In my proposed solution you will load the full text book to a separate Roam graph (maybe a local graph) not your main Roam database. This is to safeguard the performance of your main graph. In my experience as the size of your database increases, Roam's performance degrades. In an extreme example, I have loaded two Bible translations and full cross reference into Roam. This meant creating a database with 33000 pages and over 96000 blocks. Though Roam still functioned, its performance was at times down to 10 seconds between characters when typing.

Having the ePub full text in a separate database means that traditional block references to the source will not work because block references do not function between graphs (at least not at time of writing this). My workaround is to include the reference to the page of the Roam book in each paragraph of text, which I then hide using a one liner CSS snippet that needs to be placed in [[roam/css]]. The CSS code is provided bit further below.

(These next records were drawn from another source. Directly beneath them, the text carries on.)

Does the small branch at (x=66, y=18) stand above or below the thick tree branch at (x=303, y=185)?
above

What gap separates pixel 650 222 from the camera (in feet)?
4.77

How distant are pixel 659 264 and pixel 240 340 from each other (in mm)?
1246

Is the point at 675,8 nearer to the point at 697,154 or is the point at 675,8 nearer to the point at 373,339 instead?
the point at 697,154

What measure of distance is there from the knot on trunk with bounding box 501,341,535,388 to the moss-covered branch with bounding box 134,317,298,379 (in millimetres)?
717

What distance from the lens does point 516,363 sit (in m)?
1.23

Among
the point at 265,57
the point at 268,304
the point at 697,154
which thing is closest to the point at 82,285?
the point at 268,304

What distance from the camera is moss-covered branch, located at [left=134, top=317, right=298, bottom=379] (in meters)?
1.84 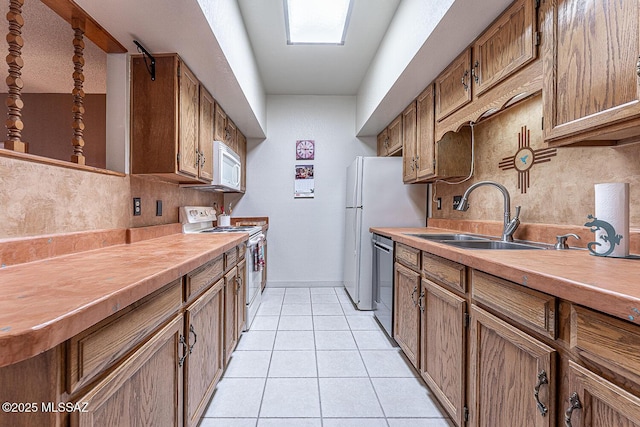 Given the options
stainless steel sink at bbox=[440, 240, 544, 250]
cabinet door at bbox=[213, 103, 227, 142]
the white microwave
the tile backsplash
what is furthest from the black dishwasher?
cabinet door at bbox=[213, 103, 227, 142]

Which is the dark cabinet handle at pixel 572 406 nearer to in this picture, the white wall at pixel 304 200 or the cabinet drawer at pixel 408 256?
the cabinet drawer at pixel 408 256

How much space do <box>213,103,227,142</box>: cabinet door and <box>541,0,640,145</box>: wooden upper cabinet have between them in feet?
7.53

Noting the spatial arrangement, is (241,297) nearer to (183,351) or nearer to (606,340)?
(183,351)

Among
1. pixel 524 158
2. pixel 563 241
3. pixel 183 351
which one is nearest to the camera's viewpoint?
pixel 183 351

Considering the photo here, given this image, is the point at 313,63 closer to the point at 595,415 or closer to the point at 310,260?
the point at 310,260

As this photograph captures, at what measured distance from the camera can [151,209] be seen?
206 centimetres

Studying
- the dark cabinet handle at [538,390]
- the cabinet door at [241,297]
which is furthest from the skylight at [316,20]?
the dark cabinet handle at [538,390]

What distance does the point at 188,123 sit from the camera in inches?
79.4

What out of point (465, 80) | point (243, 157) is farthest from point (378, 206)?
point (243, 157)

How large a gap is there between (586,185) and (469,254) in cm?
70

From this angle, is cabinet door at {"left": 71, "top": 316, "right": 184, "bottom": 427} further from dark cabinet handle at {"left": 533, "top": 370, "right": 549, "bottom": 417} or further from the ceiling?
the ceiling

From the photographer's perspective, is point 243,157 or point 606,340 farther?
point 243,157

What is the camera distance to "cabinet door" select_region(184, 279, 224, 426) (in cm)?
124

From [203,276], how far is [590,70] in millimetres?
1719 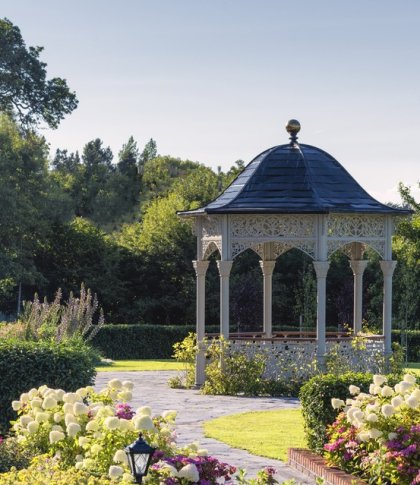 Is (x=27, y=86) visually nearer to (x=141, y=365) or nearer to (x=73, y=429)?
(x=141, y=365)

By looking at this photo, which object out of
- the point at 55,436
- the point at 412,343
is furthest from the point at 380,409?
the point at 412,343

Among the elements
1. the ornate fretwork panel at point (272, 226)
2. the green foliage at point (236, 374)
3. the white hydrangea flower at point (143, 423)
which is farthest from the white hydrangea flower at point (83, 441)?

workaround to block references

By including these references in each paragraph, when you copy the paragraph to your own Roam database as part of your literature notes, the paragraph will "remember" which page of the book it came from. Once finished with reading, I advise archiving your local Roam-book in an .edn file and uploading it to your literature notes page in your main Roam graph. This way you can also reach back to the original text in couple of minutes if needed. 

Upload .edn archive for later reference

Step by step instructions

  1. Save the desired ePub book to your Google Drive
  2. If the book includes images that you would like to show in your Roam book as well:
    1. Make a copy of the ePub file 
    2. Rename the copy to .zip and unpack
    3. Locate the folder that contains the images and observe the relative location of this folder compared to the books body.  Note that every ePub is different. Sometimes the images and the document files are all simply in the root directory, sometimes somewhere else.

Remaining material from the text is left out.